* _Work instructions_: Exactly as written, print every line of the listing below and omit its pictures.

* _Working data_:
******

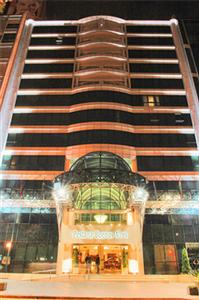 Отель Pestana Buenos Aires в Буэнос-Айрес - Аргентина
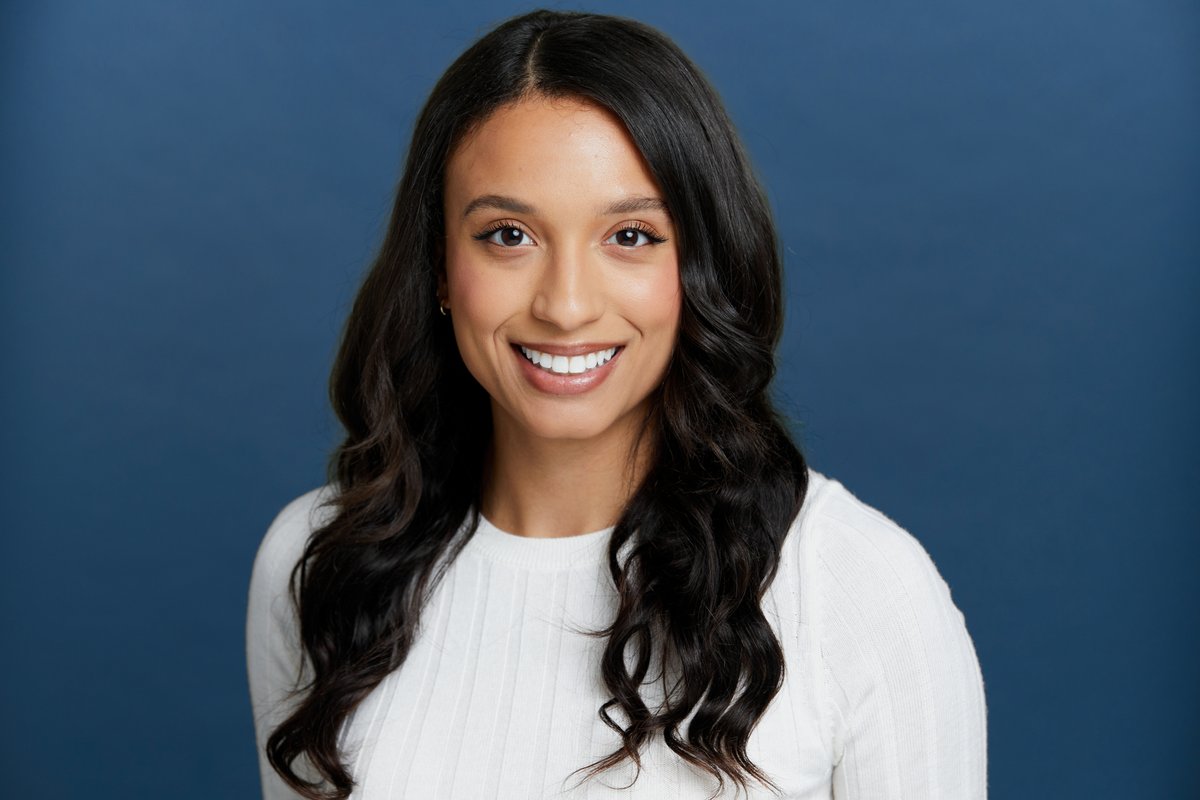 UCLA Depression Grand Challenge welcomes clinical psychologist and social justice advocate Isabelle Lanser to further advance justice, equity and inclusion in its activities. ucla.in/47pyR0j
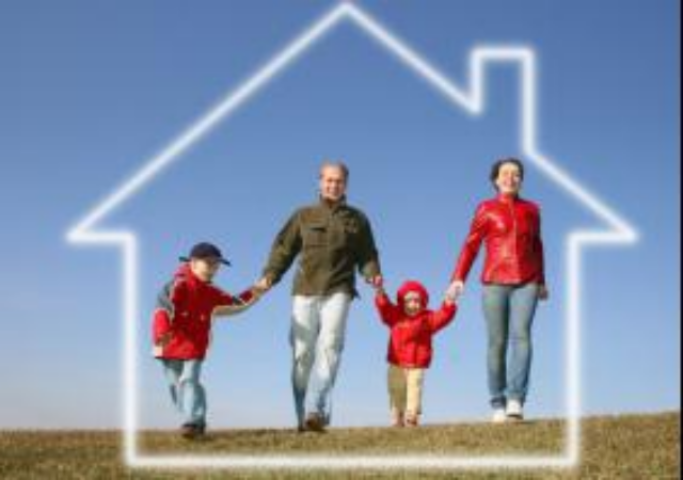 Зарегистрирован законопроект о создании жилстройкооперативов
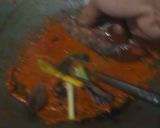 Foto langkah ke 3 dari resep Opor Ayam Merah.
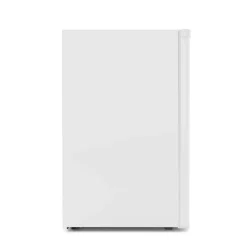 Kühlschrank mit Gefrierfach 90L weiss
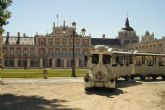 Actividades en Aranjuez para disfrutar en familia con Arantour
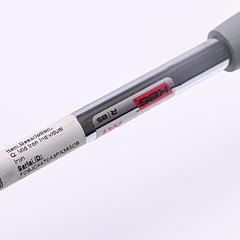 Left Hand Taylormade Qi #7 Iron / Regular Flex KBS MAX MT 85 Shaft - Image 3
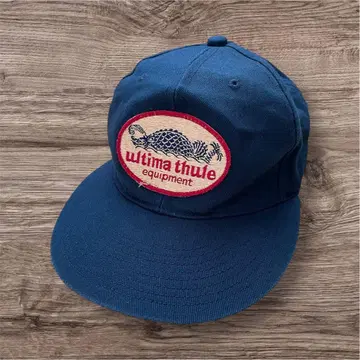 freewheelers 캡 네이비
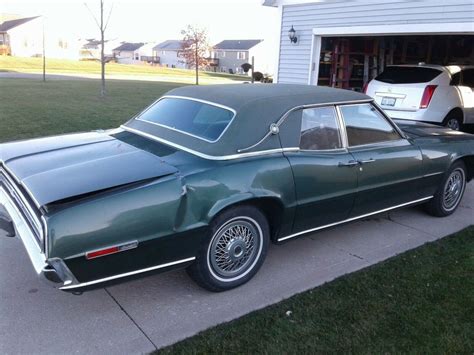 1968 Ford Thunderbird 4 Door Daily Driver 72000 Miles 429 Thunderjet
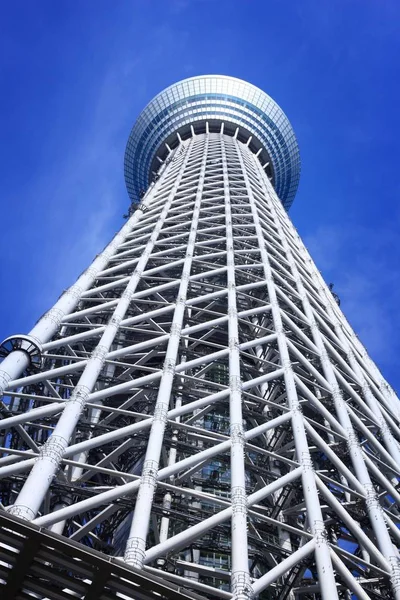 Japão arquitetura moderna — Fotografia de Stock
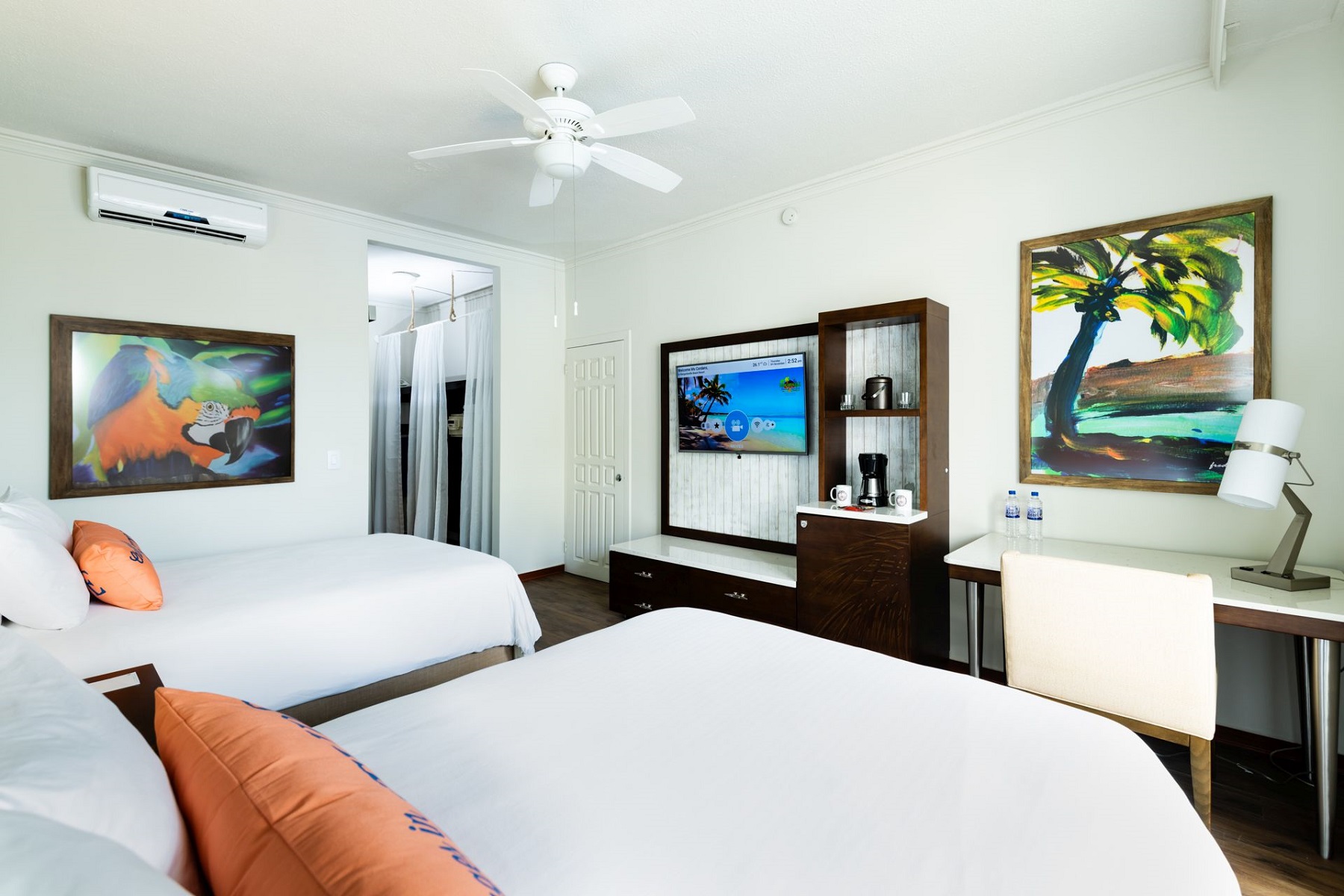 Margaritaville Beach Resort Playa Flamingo, Costa Rica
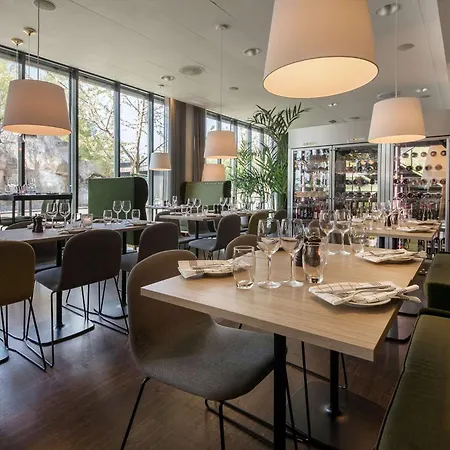 Scandic Forus Stavanger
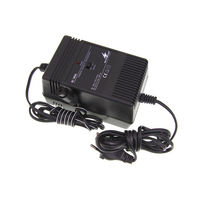 Monacor BC-1800L Quick Start Manual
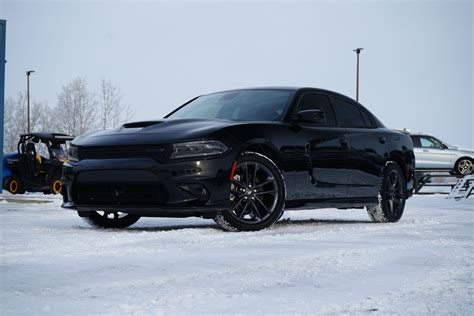 Dodge Charger with AWD: The Ultimate Performance and Safety Guide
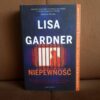 niepewnosc gardner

******

* _Solution to the problem_:
 Отель Pestana Buenos Aires в Буэнос-Айрес - Аргентина
 UCLA Depression Grand Challenge welcomes clinical psychologist and social justice advocate Isabelle Lanser to further advance justice, equity and inclusion in its activities. ucla.in/47pyR0j
 Зарегистрирован законопроект о создании жилстройкооперативов
 Foto langkah ke 3 dari resep Opor Ayam Merah.
 Kühlschrank mit Gefrierfach 90L weiss
 Actividades en Aranjuez para disfrutar en familia con Arantour
 Left Hand Taylormade Qi #7 Iron / Regular Flex KBS MAX MT 85 Shaft - Image 3
 freewheelers 캡 네이비
 1968 Ford Thunderbird 4 Door Daily Driver 72000 Miles 429 Thunderjet
 Japão arquitetura moderna — Fotografia de Stock
 Margaritaville Beach Resort Playa Flamingo, Costa Rica
 Scandic Forus Stavanger
 Monacor BC-1800L Quick Start Manual
 Dodge Charger with AWD: The Ultimate Performance and Safety Guide
 niepewnosc gardner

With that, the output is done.